[Recorded data]

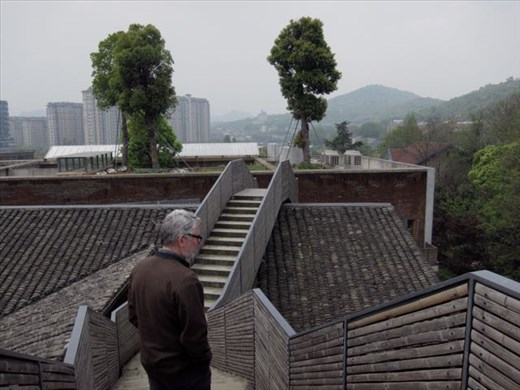 walking the roof of the hotel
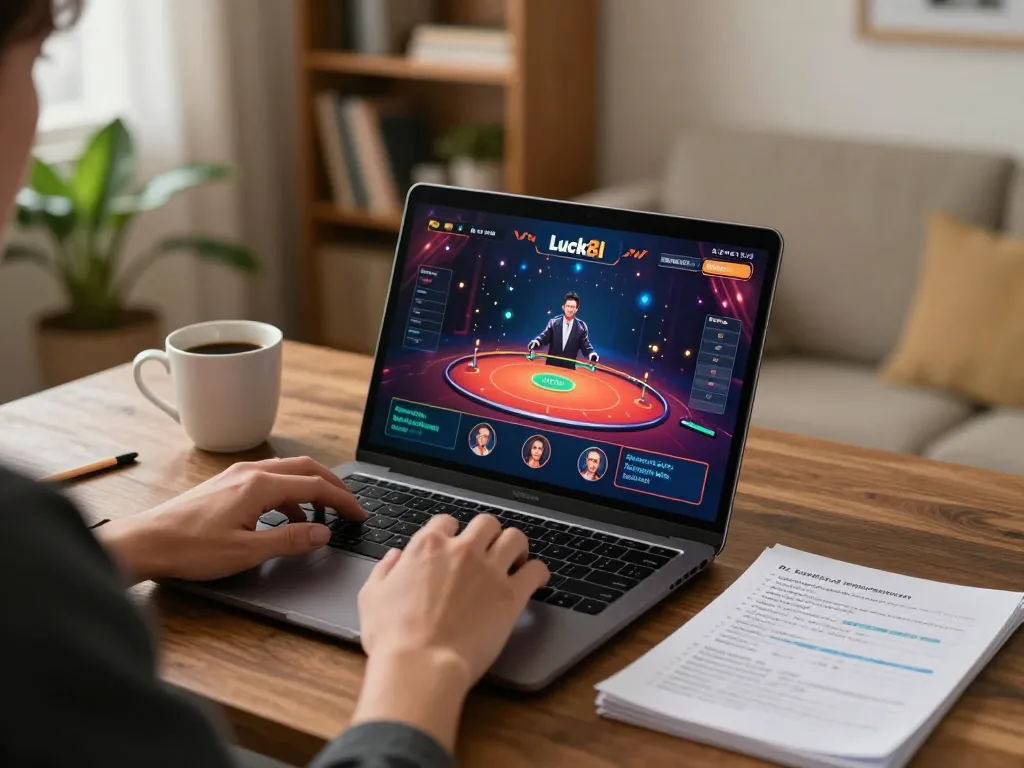 Engaging in luck8l online gaming with laptop, showcasing vibrant live dealer interface and cozy ambiance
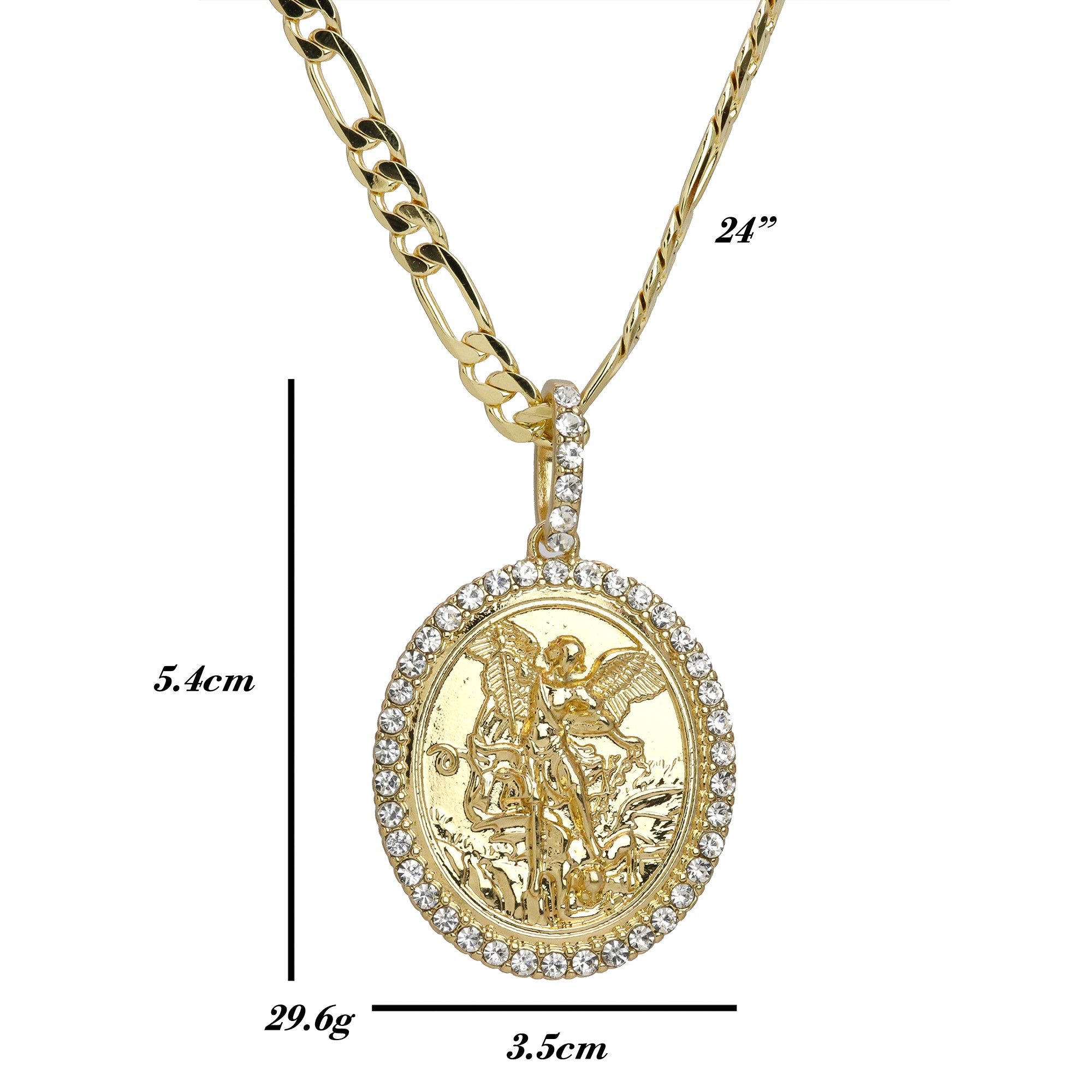 Iced Religious Angel Michael Pendant 24 Figaro Chain Hip Hop 18k Jewelry Necklace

[/Recorded data]

• **Problem requirements**: In the copy, include no pictures, but repeat the listing exactly.

• **Response area**:
 walking the roof of the hotel
 Engaging in luck8l online gaming with laptop, showcasing vibrant live dealer interface and cozy ambiance
 Iced Religious Angel Michael Pendant 24 Figaro Chain Hip Hop 18k Jewelry Necklace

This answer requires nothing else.